- _The problem_: Copy the entries word for word. Keep the pictures out.

- _Exercise data_:
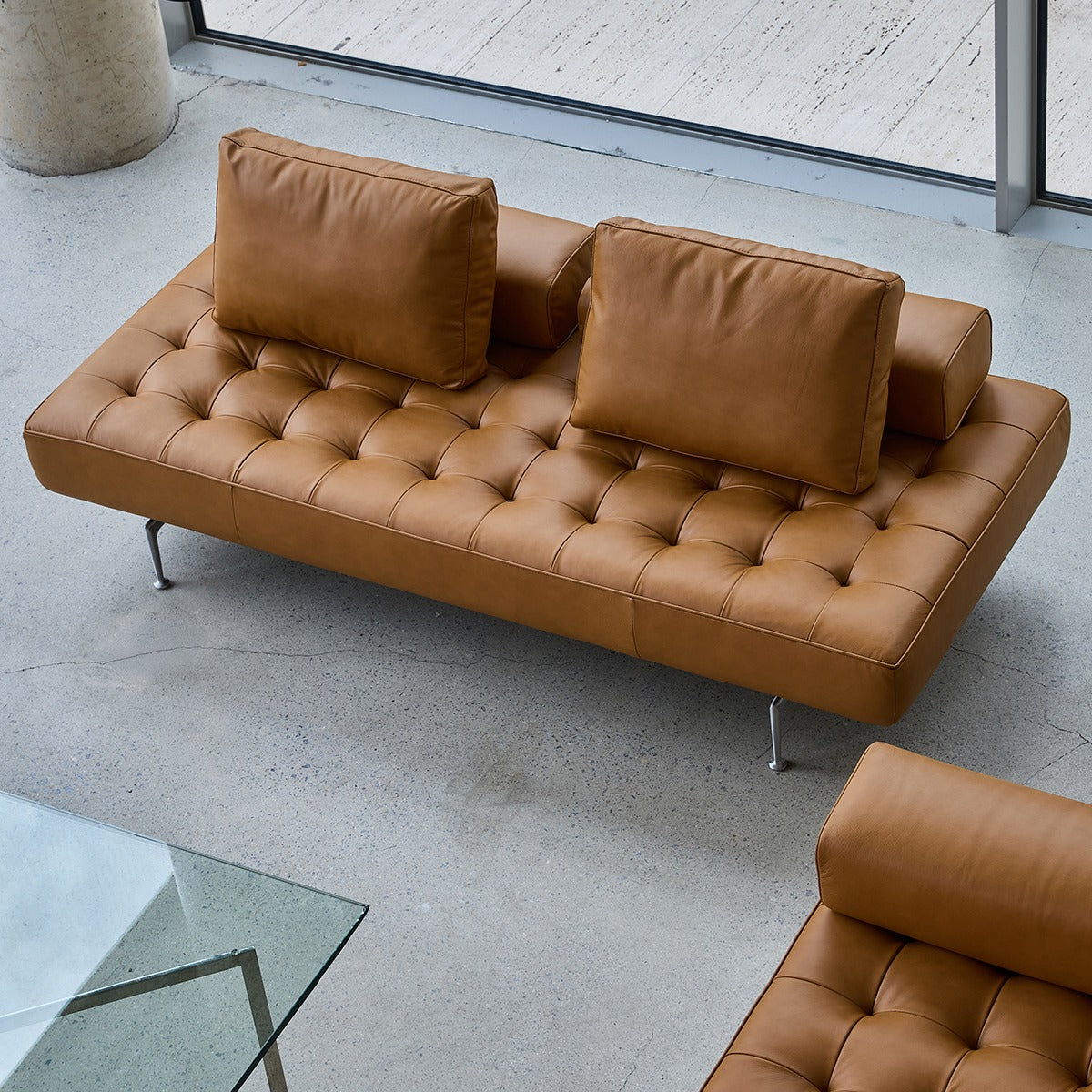 Otium Daybed Sofa | Leather – JacksonChameleon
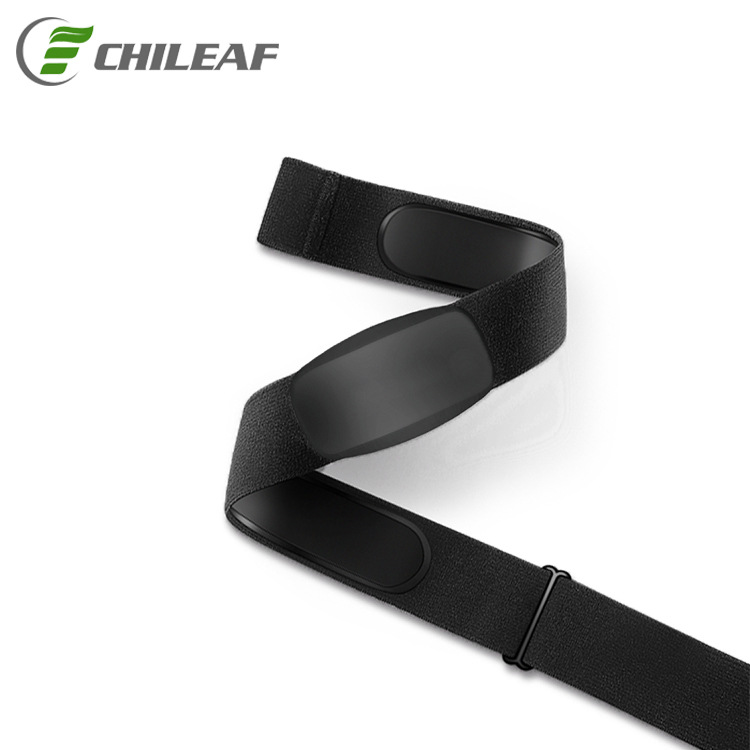 Монитор сердечного ритма Chileaf BLE5.0 и ANT + нагрудный ремень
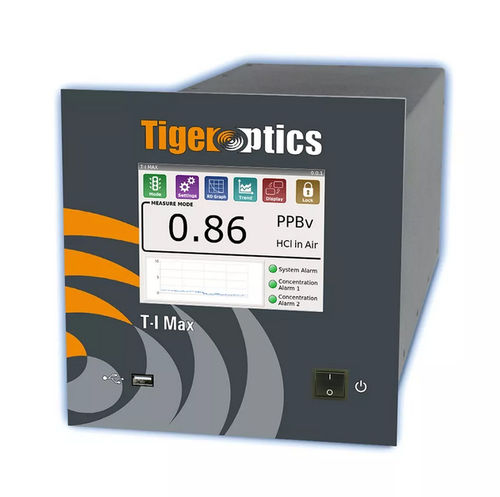 气体分析仪 - TIGER OPTICS™ T-I MAX™ - Process Insights - 氢 / 氯 / 监控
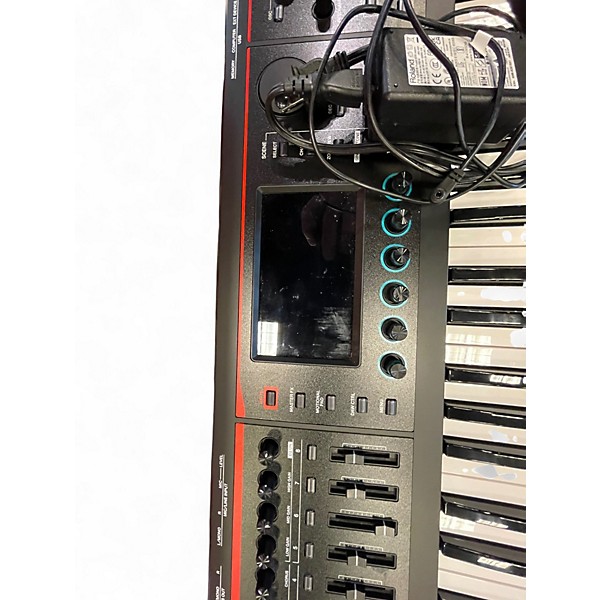 Used Roland Fantom 06 Keyboard Workstation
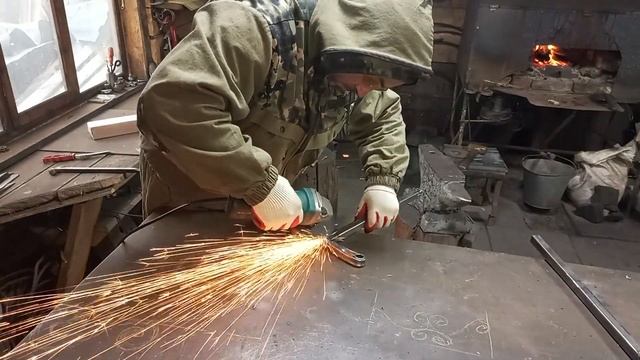 зачистка сварочного шва болгаркой смотреть онлайн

- _Response for this exercise_:
 Otium Daybed Sofa | Leather – JacksonChameleon
 Монитор сердечного ритма Chileaf BLE5.0 и ANT + нагрудный ремень
 气体分析仪 - TIGER OPTICS™ T-I MAX™ - Process Insights - 氢 / 氯 / 监控
 Used Roland Fantom 06 Keyboard Workstation
 зачистка сварочного шва болгаркой смотреть онлайн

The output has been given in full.